# FOUNDATIONS OF MACHINE LEARNING

# Course info

# Course materials

# FAQ

Course materials

/

Section

# Classifying Digits with Gaussian Mixture Models

The MNIST dataset (Lecun et al., 1998), which is widely known in the machine learning community, consists of 28$\times$28 pixels grayscale images of handwritten digits. The dataset consists of 60 000 training and 10 000 test observations in total. While the digits in the MNIST dataset range from 0 to 9, you will consider only digits 6, 7 and 8 in this problem for brevity. You can see some examples in the figure below.

Assume that you have part of the MNIST dataset available on your computer, in total 1180 images with labels 6, 7 and 8. You are curious to see if you can create a QDA (Quadratic Discriminant Analysis) classifier that recognizes images based on which number they contain.

You split your data into two sets and keep 973 of the handwritten digits for training and save the rest for the purpose of testing your model. The images in your dataset have been “flattened” by stacking all pixel values in long vectors, such that all data points are vectors with length 784 (=28$\times$28). This is not necessary (for instance, recall the CNN model from section 5), but we will use the vector representation in this example for simplicity. To simplify things even further, and for the purpose of visualization, you decide that you should reduce the number of input variables from 784 to 2 with the help of Principal Component Analysis (PCA), before applying the QDA classifier.

Which of the following statements about QDA are **true**?

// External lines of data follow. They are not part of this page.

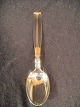 Lotus.
 Silver spoon.
 Length 17.52 
cm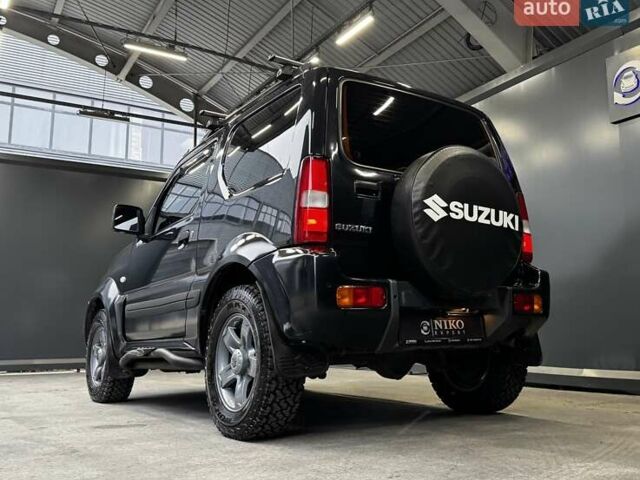 Черный Сузуки Джимни, объемом двигателя 1.33 л и пробегом 168 тыс. км за 12200 $, фото 12 на Automoto.ua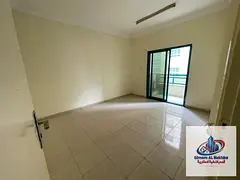 2BR Hall Al Qasimia Al Nad, spacious, balcony, 2 baths, central AC &amp; gas, prime location near se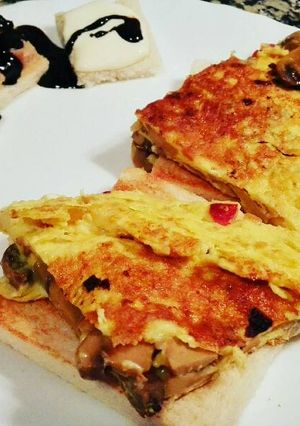 Una foto de Tostas de tortilla de champiñones al ajillo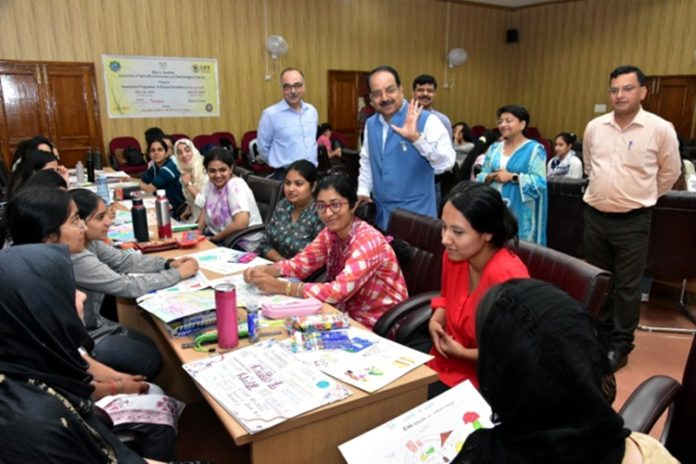 Students participating in poster making event at SKUAST-Jammu on Monday.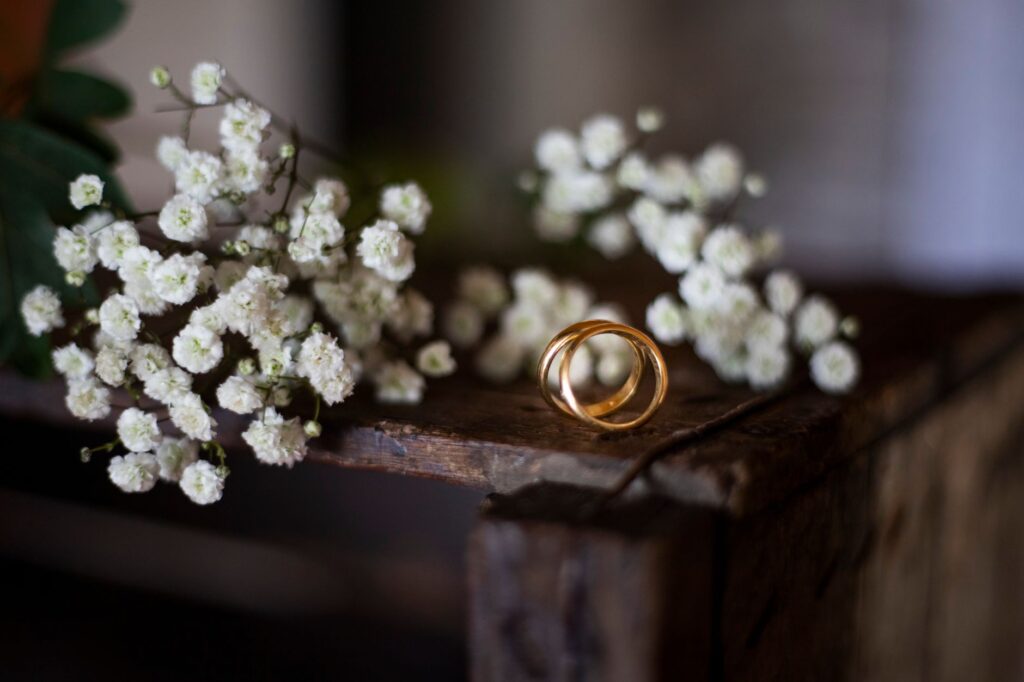 A close-up of wedding rings on a table decorated with flowers, representing intimacy. — elopement tips Las Vegas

## Principal Component Analysis (PCA)

The idea behind dimensionality reduction is that we can compress the data into a lower-dimensional space, simplifying the problem at hand, and still (hopefully) have enough information to make inferences from it. In other words, the assumption is that there is some redundancy in the original data space and that the *effective data dimension* is smaller than the original dimension $p$. To illustrate the idea, consider first that a certain feature $x_j$, $j \in \{1,\dots,p\}$ is constant for all data points. Then, clearly, this particular feature carries no information about the general patterns in the data and could be dropped, effectively reducing the dimension of the input from $p$ to $p-1$. Similarly, even if the feature is not exactly constant across the data points, but if the variation is small, then we could drop this feature without any significant loss of information.

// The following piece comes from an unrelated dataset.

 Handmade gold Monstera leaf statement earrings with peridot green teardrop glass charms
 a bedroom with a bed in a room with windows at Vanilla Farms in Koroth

This is essentially what is done by PCA, but instead of simply looking for the individual features with small variation, the method looks for certain directions (i.e., linear combinations of features) in the input data space in which the data has low variance. Specifically, we reduce the dimension of the data array from $p$ to a new dimension $q < p$, by finding $q$ orthogonal directions in the original data space on which the data points are projected. The projection is done in the directions along which the data varies the most in order to, intuitively speaking, preserve as much information as possible. The hypothesis is that if there is little variation (i.e. low variance) across the data points in a certain direction, then there is no point keeping track of how the data varies in this particular direction. Similarly, if there is a lot of variation (i.e., high variance) in a certain direction, then it is important to keep track of.

As an illustration we consider figure 10.11 from the course book.

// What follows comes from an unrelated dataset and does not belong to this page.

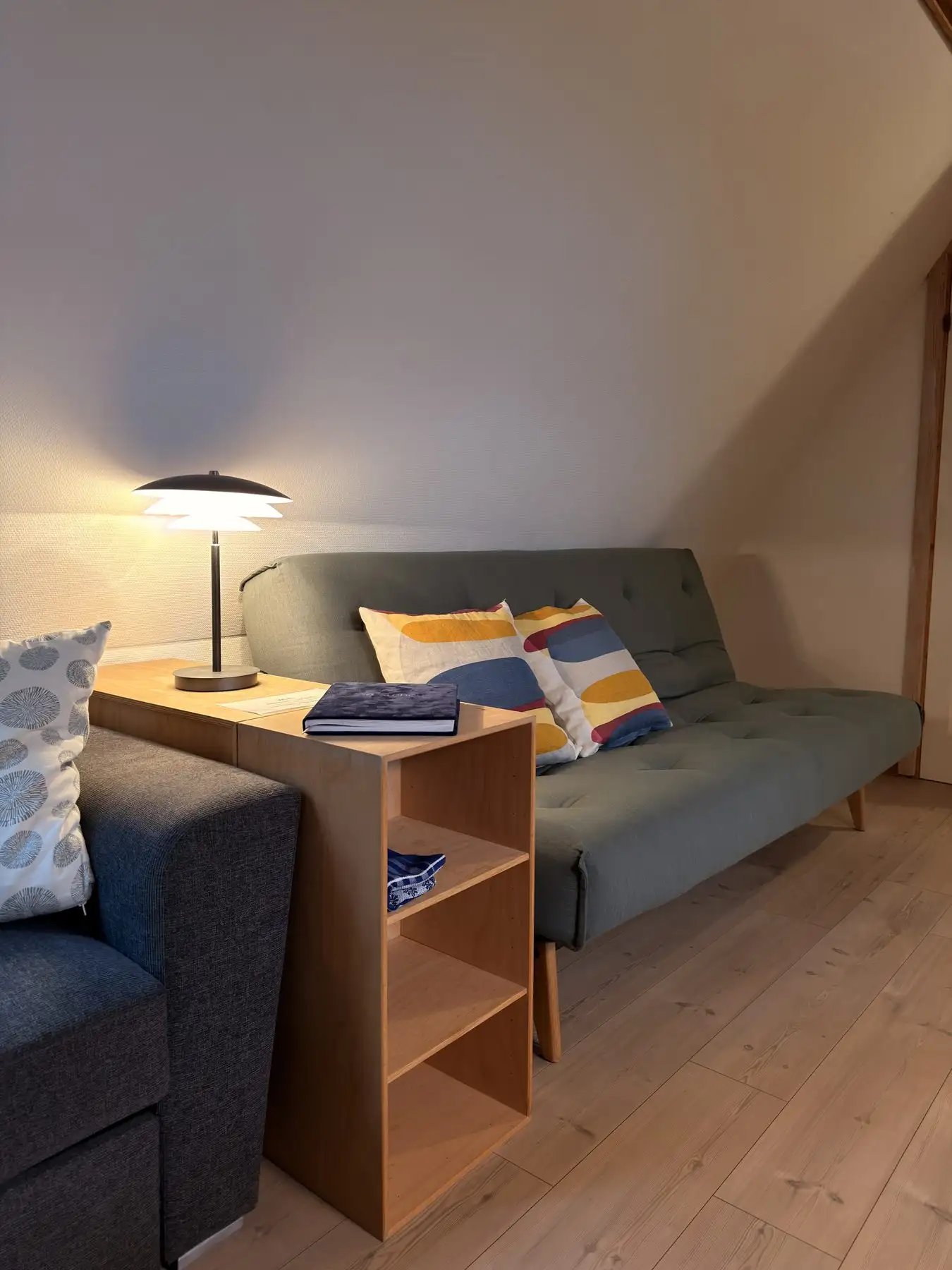 Sovesofa med puder og læselampe i lejlighedens opholdsrum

In this figure we have a dataset with $p=2$ dimensions (left plot). The PCA method will find two orthogonal directions, shown by arrows in the right plot. The first principal axis (red arrow) is the direction in which the data varies the most. The second principal axis (green arrow) is the next direction in which the data varies the most, but with the constraint that it has to be orthogonal to the first. Since the original data space is only 2-dimensional in this example (for illustrative purposes) there are only two principal axes, but the same idea can be applied to arbitrary $p$ in which case the method finds $p$ orthogonal principal axes of decreasing relevance.

It is possible to reduce the dimension of the data by projecting the data points on a few principal axes. In the right plot we have projected on the first principal axis, resulting in the red points. These can thus be viewed as a 1-dimensional representation of the original 2-dimensional data.

Fill in the missing lines in the code below to reduce the dimension of your dataset using PCA from 784 to 2. Use the `PCA`

class from scikit-learn. Notice that centering is performed as part of the dimensionality reduction, so you do not have to mean-center the data beforehand. The `PCA`

class has two functions that you should use:

`fit_transform`

which takes a data matrix, uses this to learn the principal directions, and then transforms the data matrix by projecting on the first`n_components`

directions.`transform`

which takes a data matrix and transforms this by projecting on the first`n_components`

directions that have already been learned.

*Hint:* As always, you should not use the test data to learn the model!

After you have run the code, you should obtain a visualization of your dimensionality-reduced training data. The code also prints out how much of the variance in the data is explained by each principal component.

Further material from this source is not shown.